First Module of Training on Trial Monitoring for Fifteen Lebanese NGOs

On Wednesday 26 November, together with Chris Gosnell, defense counsel practicing before the International Criminal Tribunal for the Former Yugoslavia (ICTY), researcher Jill Coster van Voorhout provided the first training module to participants from 15 Lebanese NGOs. The attendants followed this second phase of the training on monitoring of international court proceedings in The Hague, after they had had an initial three-day training in Beirut, Lebanon, on topics such as fair trial standards and the purpose and good practices of trial monitoring.

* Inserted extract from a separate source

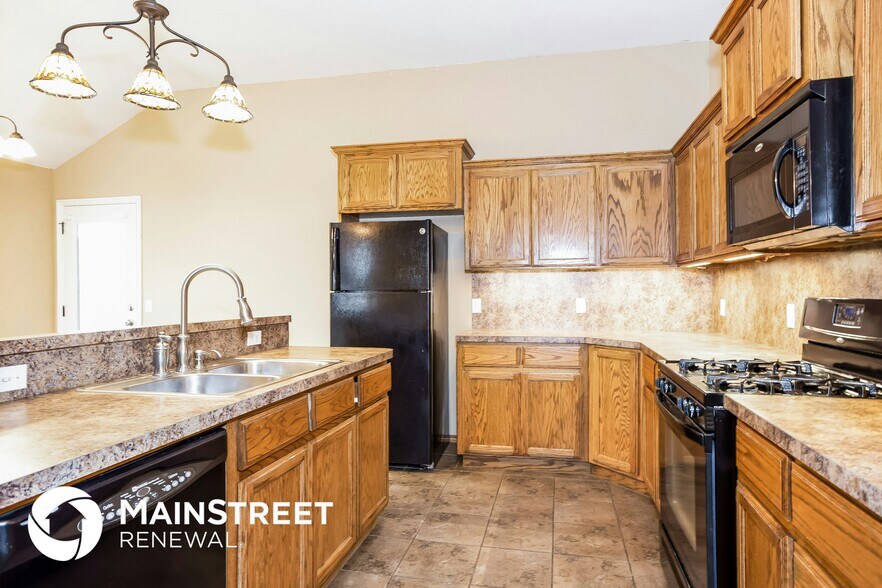 Building Photo - 305 Tecumseh Meadows Dr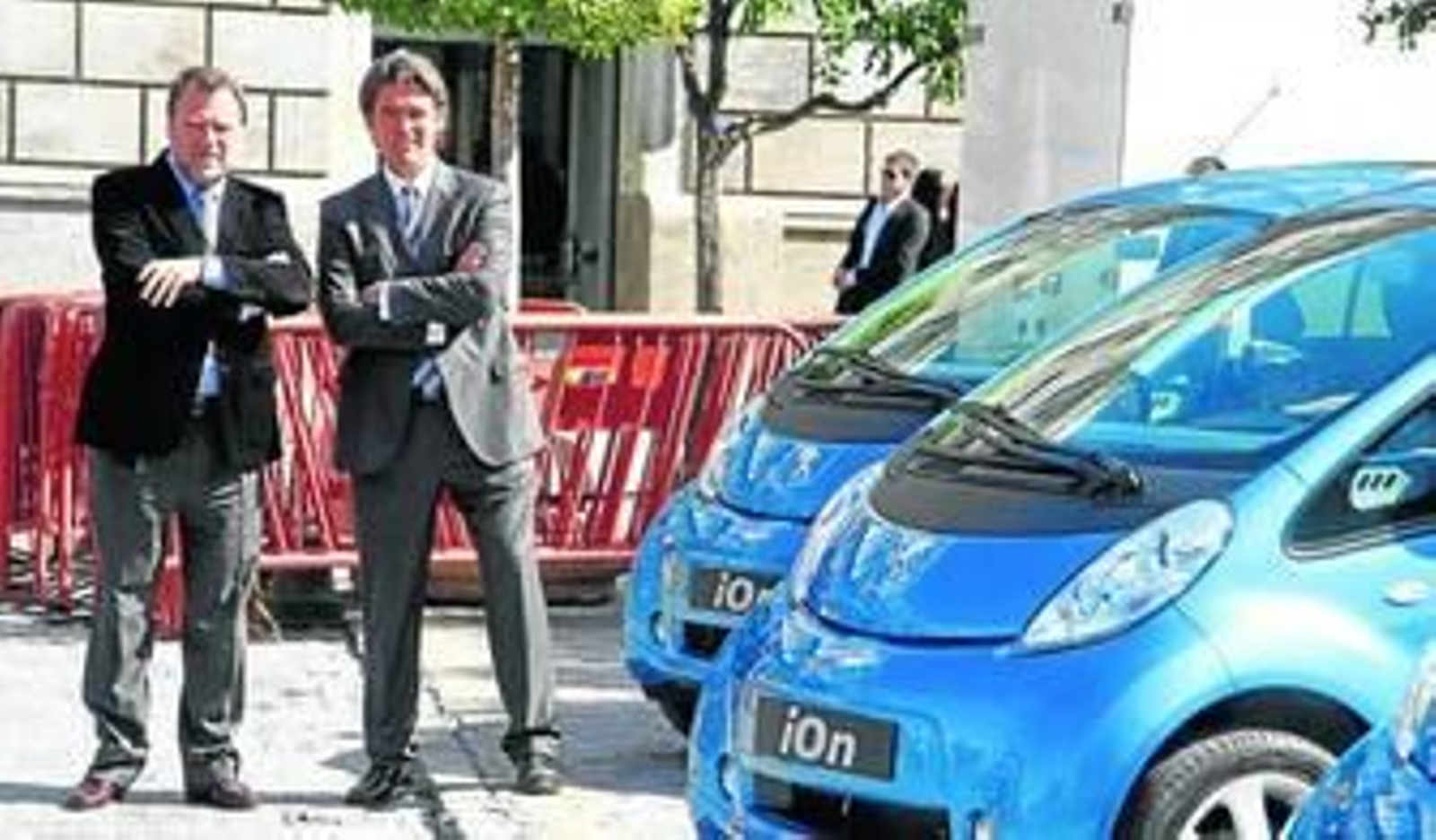 Monteseirín y Paul Lubbers (director general de Cochele) posan ante los nuevos iOn eléctricos.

This module addressed conditions of arrest, length of detention, self-representation, disclosure of evidence and ineffective assistance by defense counsel. For that latter topic, Coster van Voorhout contrasted the standards adopted in international criminal proceedings and international human rights law.

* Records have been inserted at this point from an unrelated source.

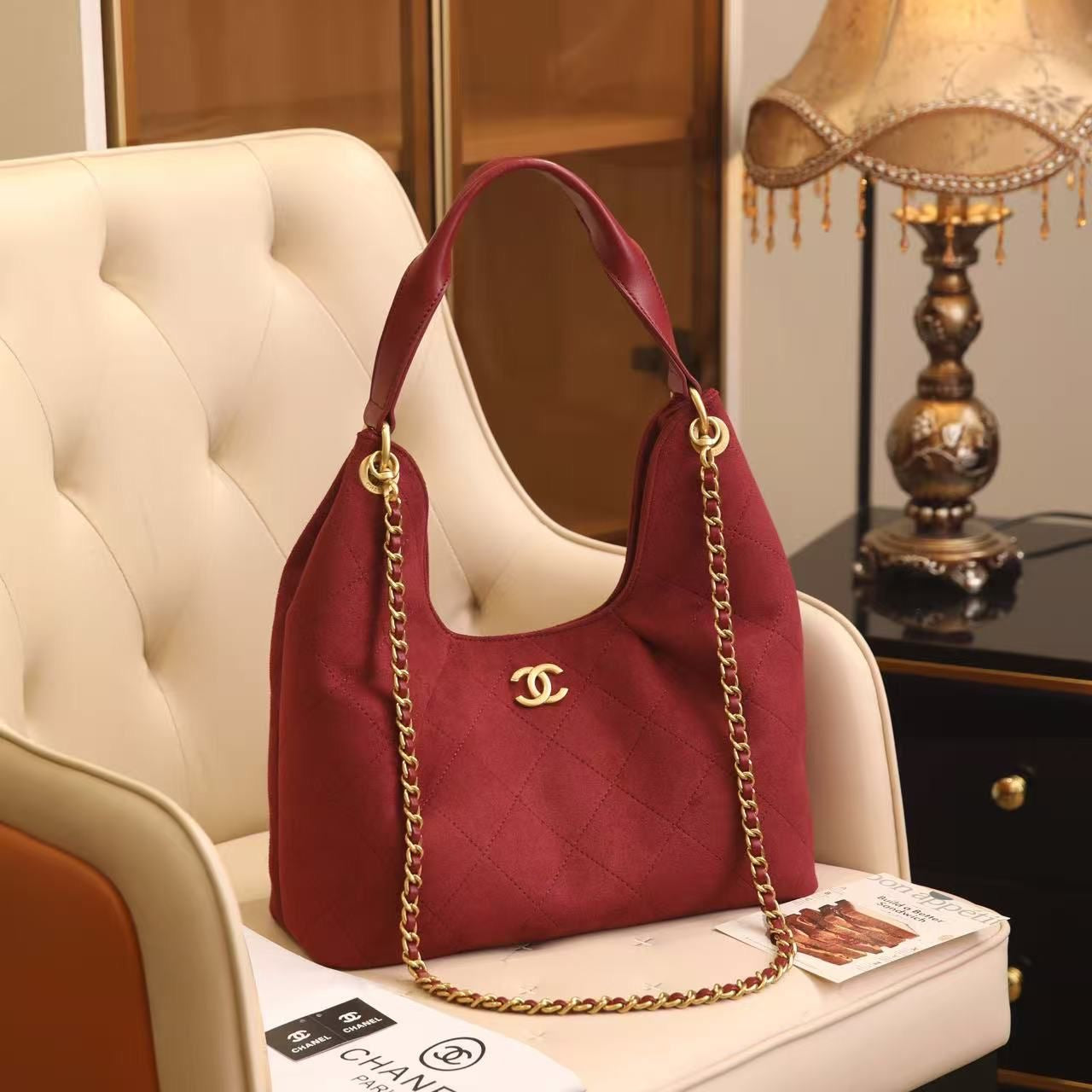 Premium-Look Medium Hobo Handbag Burgundy - view 4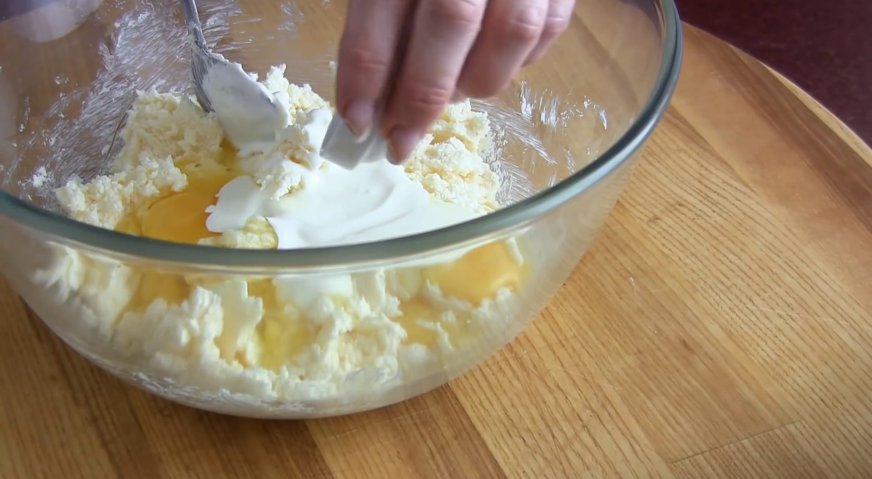 Лимонный пирог: Добавляем яйца, сметану и разрыхлитель.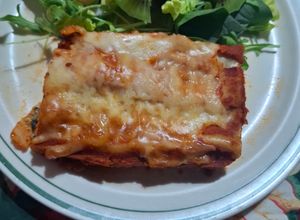 Una foto de Canelones vegetarianos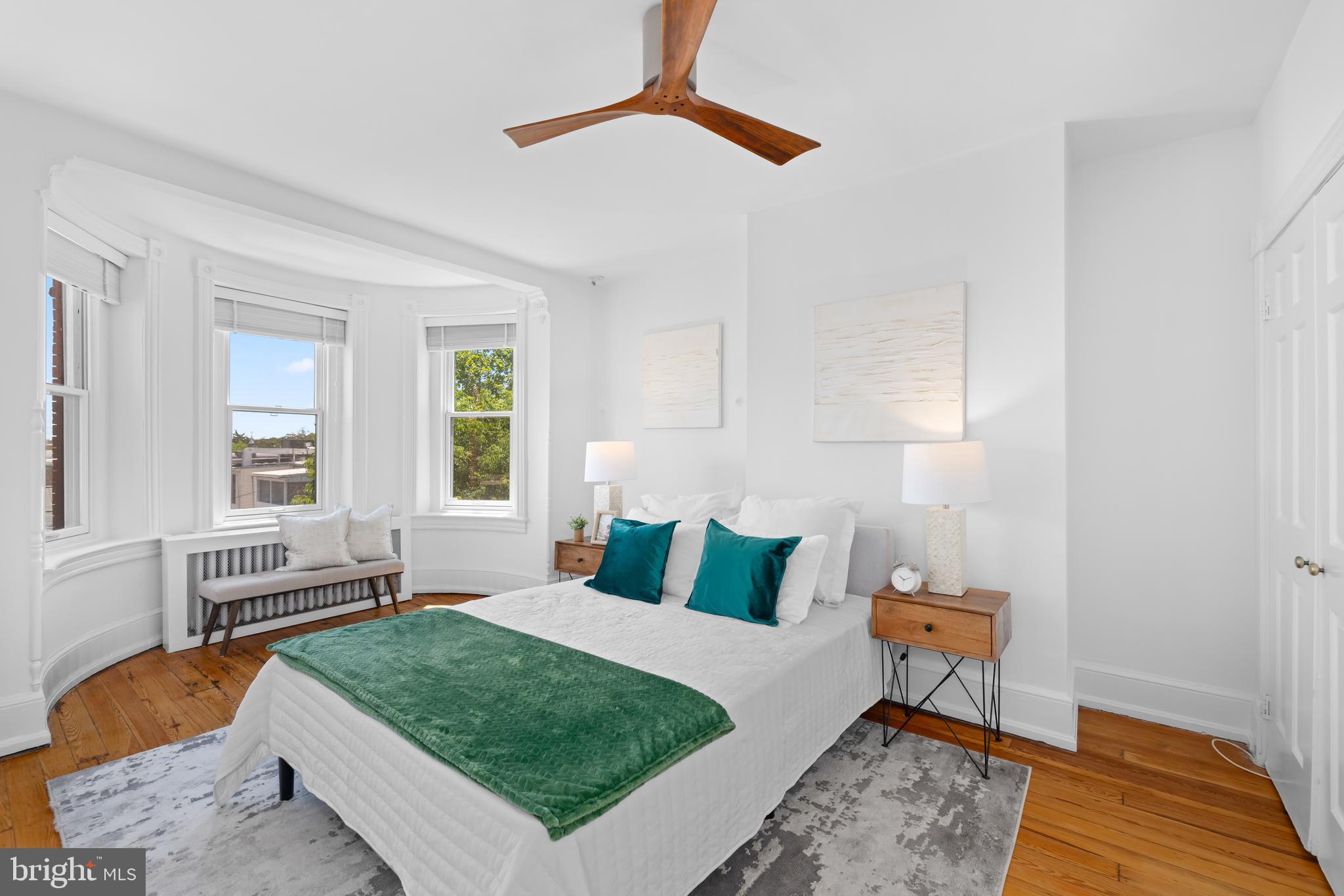 123 4TH STREET SE
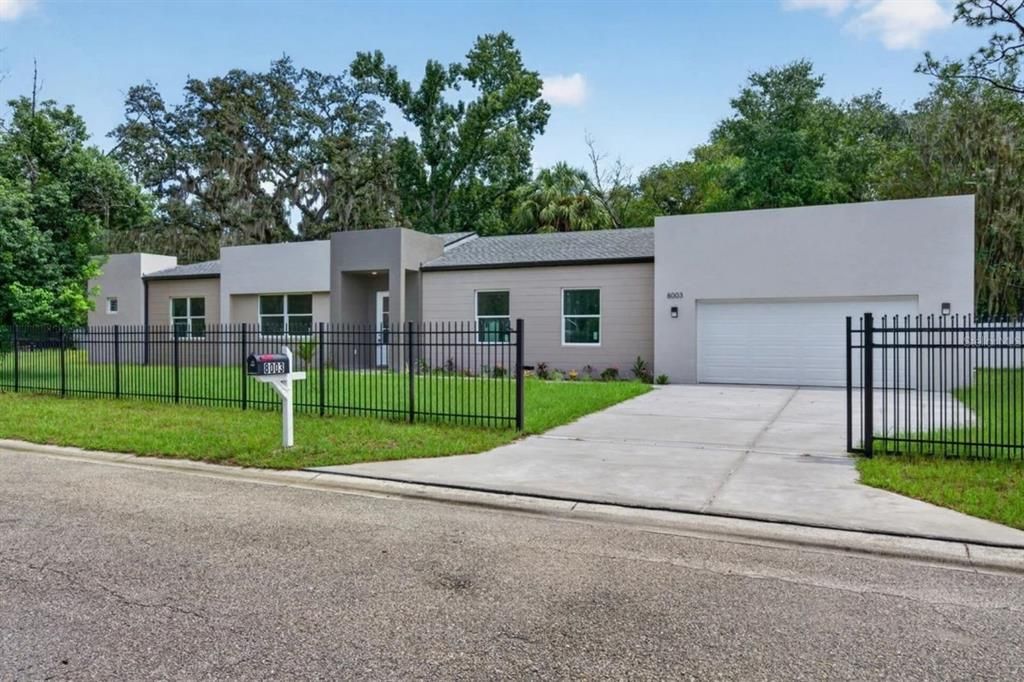 For Sale: $750,000 (4 beds, 2 baths, 2050 Square Feet)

On the one hand, international criminal proceedings have laid down a standard for ineffective legal assistance, e.g. in the ICTY case of Tadić, which later got confirmed in the case of the International Criminal Tribunal for Rwanda (ICTR)’s case of Akayesu(see also Blagojević and Krajišnik). In short, the appellant who complains about ineffective legal assistance has to demonstrate “gross incompetence” of counsel and “(…) that there was reasonable doubt as to whether a miscarriage of justice resulted.” Although the ICTR requires prejudice, i.e. but for counsel, the result of the proceedings would have been different, the tribunal also mentioned that “(…) even if such prejudice is not proven the question remains, as to whether the proven incompetence constitutes a violation of the statutory right of the accused to assistance by competent counsel and would consequently warrant aremedy.” The application of the standard in Nahimana et al in 2007 shows that counsel’s absence during hearings amounted to gross professional misconduct, so that any evidence presented during these sessions could not be relied upon against the appellant. However, in this case, counsel’s failure to cross-examine certain witnesses because of his absence “did not result in a miscarriage of justice” and concrete factual findings of the first instance proceedings were not annulled.

On the other hand, international human rights law has set a standard for ineffective legal assistance, under the European Convention of Fundamental Freedoms and Human Rights (ECHR) and the International Covenant on Civil and Political Rights (ICCPR). Under the ECHR, the standard is that authorities have to intervene in the case if the failure of counsel to provide “effective representation is manifest or sufficiently brought to their attention in some other way”. Prejudice does not have to be established. Wrong advice of counsel to the accused can constitute an “error [that] was so fundamental that it deprived the applicant of a fair trial”. Under the ICCPR in death penalty cases, the standard is that the state has a positive duty to ensure that the legal assistance provided is effective. This standard places the onus on the authorities to guarantee that the accused benefits from an effective defense through corresponding assistance by his lawyer provided indeed meets at least a minimum of effectiveness.

A contrast between the two standards indicates that it is significantly harder for the accused to prove ineffective legal assistance in international criminal proceedings than under human rights law, while the tribunals are self-referential because they have not explained or justified the standard adopted in light of human rights law or comparative criminal procedure. It is therefore important to examine how the Special Tribunal for Lebanon and domestic courts in Lebanon will deal with ineffective legal assistance and whether or not they will place a positive duty upon the authorities to ensure that legal assistance is indeed effective.

The training in The Hague lasted two more days, and entailed court visits and other capacity building sessions.